A Bull Call Spread (or Bull Call Debit Spread) strategy is implied for investors who are moderately bullish on the market and are anticipating a mild rise in the price of the underlying stock. It is a directional strategy
A bull call spread consists of one long call with a lower strike price and one short call with a higher strike price. Both have the same stock and expiry date. In this strategy profit & loss were predefined.
The cost of placing the sell order will be low because of the long position we had already
Bull Call Spread – Maximum profits
In the bull call spread options strategy, the maximum profits are calculated as below
- Maximum Profit = spread -net debit
Where Spread is the difference between the higher and lower strike price and Net debit is the premium paid for lower strike price-premium received
- Maximum Profit Gained When Price of Underlying >= Strike Price of Short Call
Bull Call Spread – Limited Downside risk
In the bull call spread strategy, the maximum loss is calculated as below
- Maximum Loss = Net debit(premium paid for lower strike price-premium received)

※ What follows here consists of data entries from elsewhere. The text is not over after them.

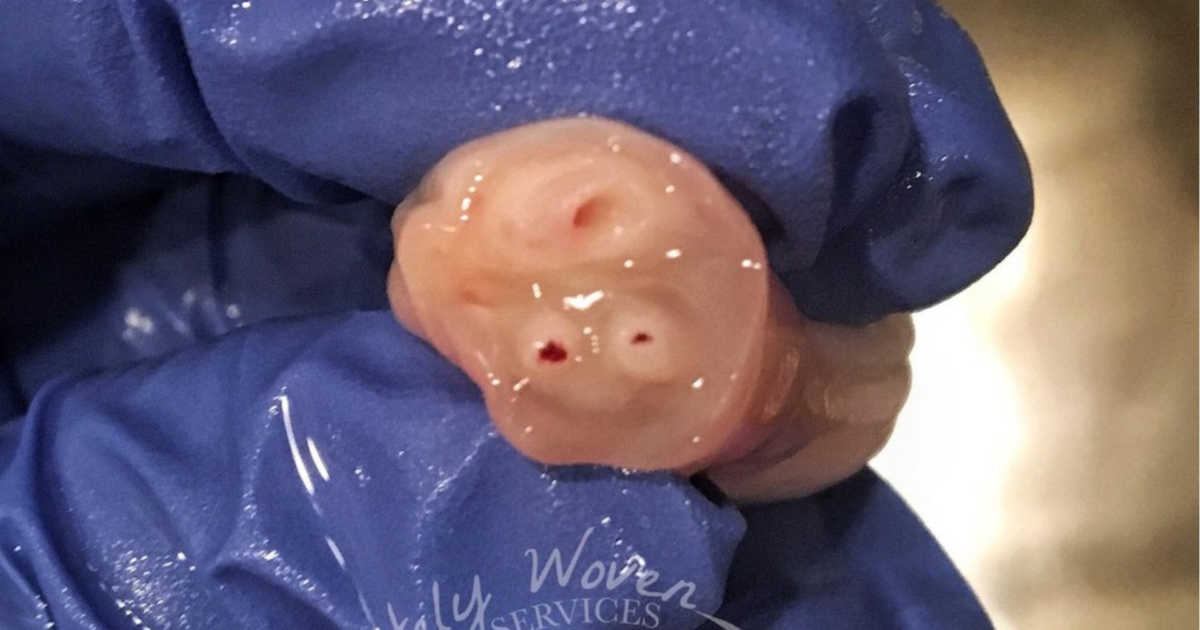 ‘I love inspecting the vessels in umbilical cords. My awe never ceases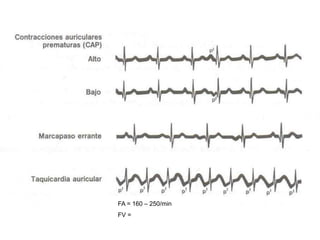 FA = 160 – 250/min
FV =
 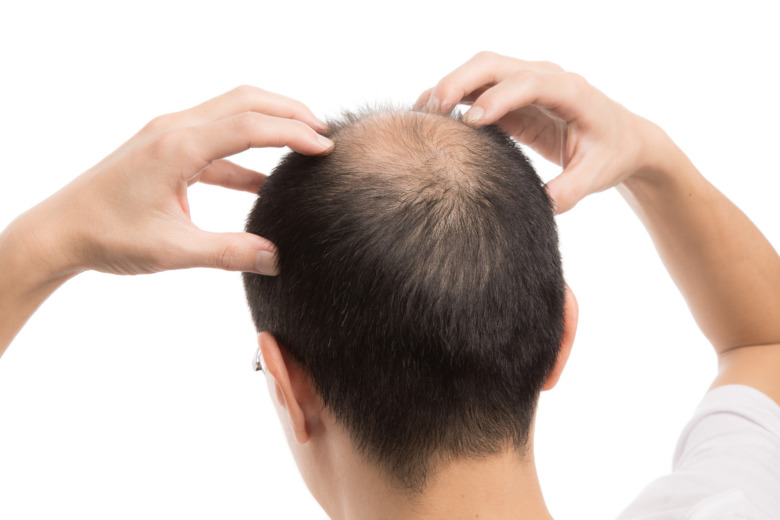 頭皮の乾燥による薄毛をセルフマッサージで対策する男性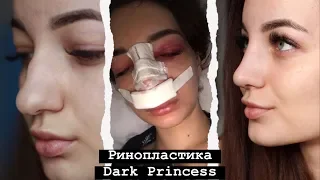 РИНОПЛАСТИКА DARK PRINCESS | одна в Ереване | ДО и ПОСЛЕ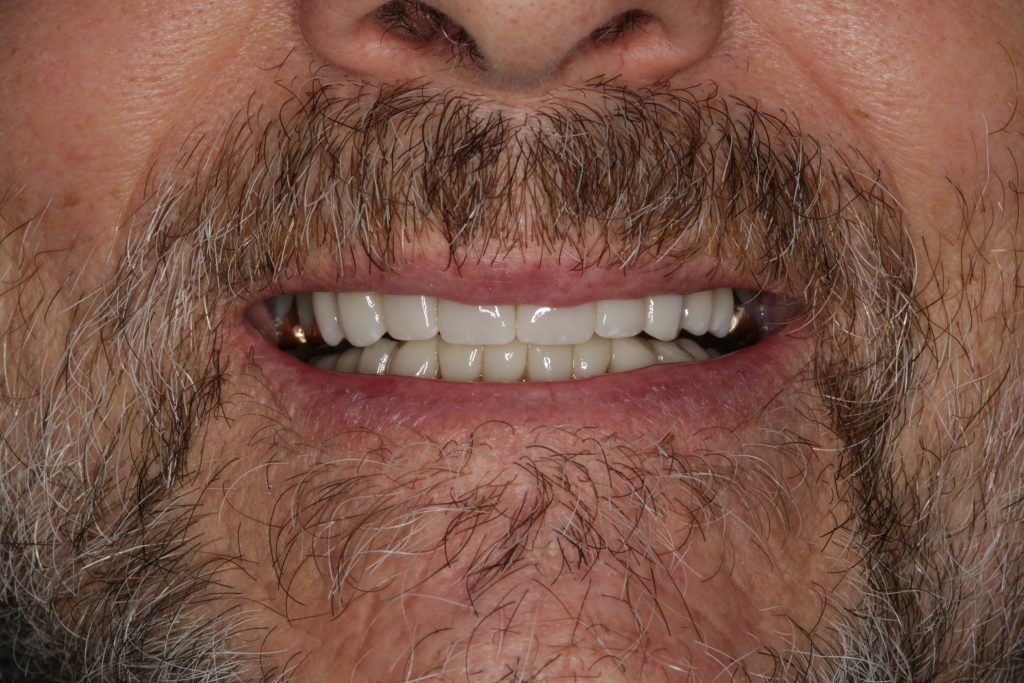 Dentist Boulder CO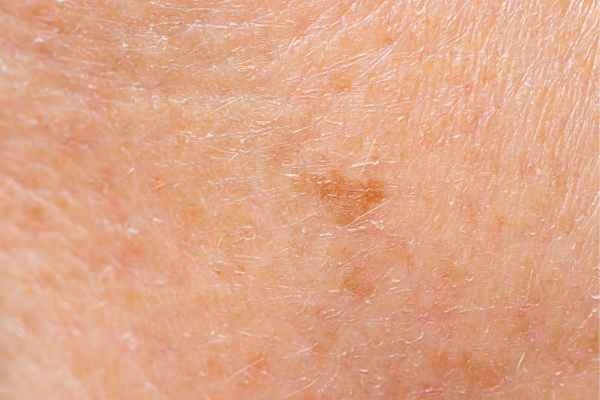 close up picture of age spots Worksop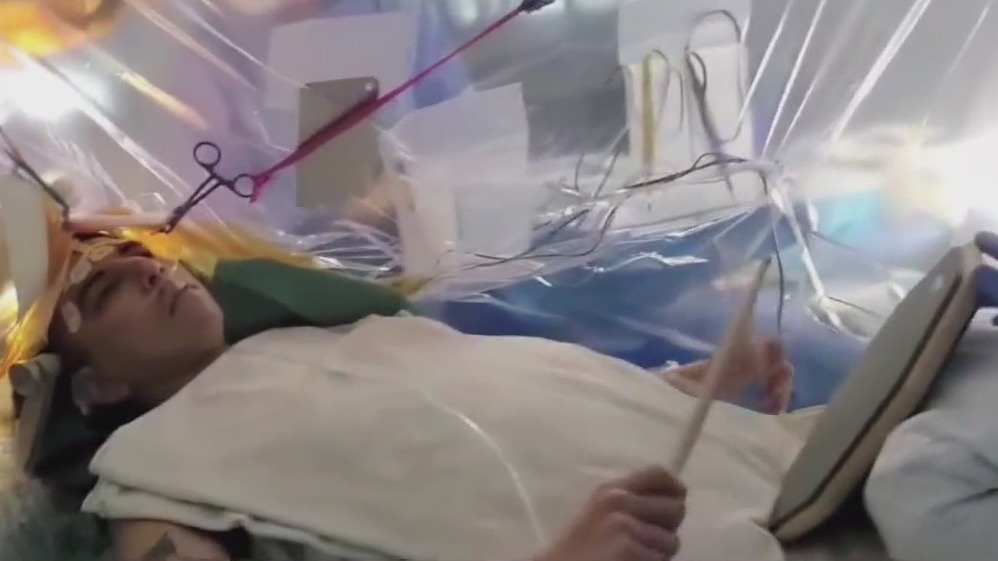 Houston patients play instruments during brain surgery
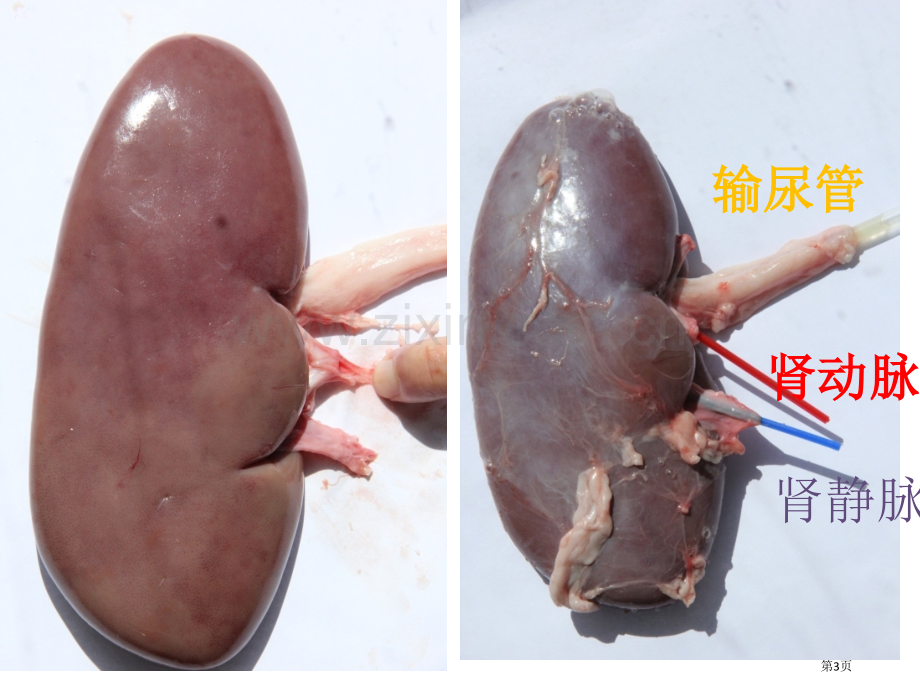 四单元生物圈中人人体内废物排出时市公开课一等奖百校联赛特等奖课件.pptx_第3页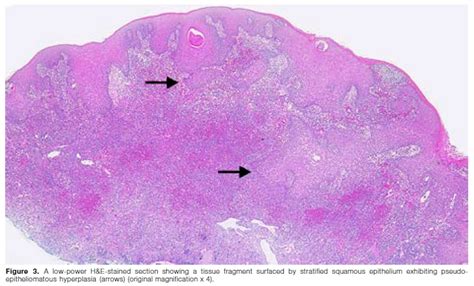 Granulomatosis With Polyangiitis An Oral Medicine Case Book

- Maximum loss occurs when the price of underlying <= Strike Price of Long Calls
Bull Call Spread – Break-Even Point
This formula can be used to calculate the price at which break-even is gained for the bull call spread position.
- Break-Even Point = Strike Price of Long Call + Net debit
How to make a Bull call spread Strategy in intraday screener?
Using the Options strategy builder feature in the intraday screener website, you can easily make an option strategy for a bull call spread. Here is the simple step by step process to make bull call spread.
Step 1: You just need to select the indices and expiry date (one buy call option and one sell call option) and click on add/edit to get started.
Step 2: Click on the Bull call spread strategy below.
Step 3: You will get detailed information on the option strategy like Premium, Max profit at expiry, Max losses at expiry, Breakeven at expiry and a Bull call spread graph.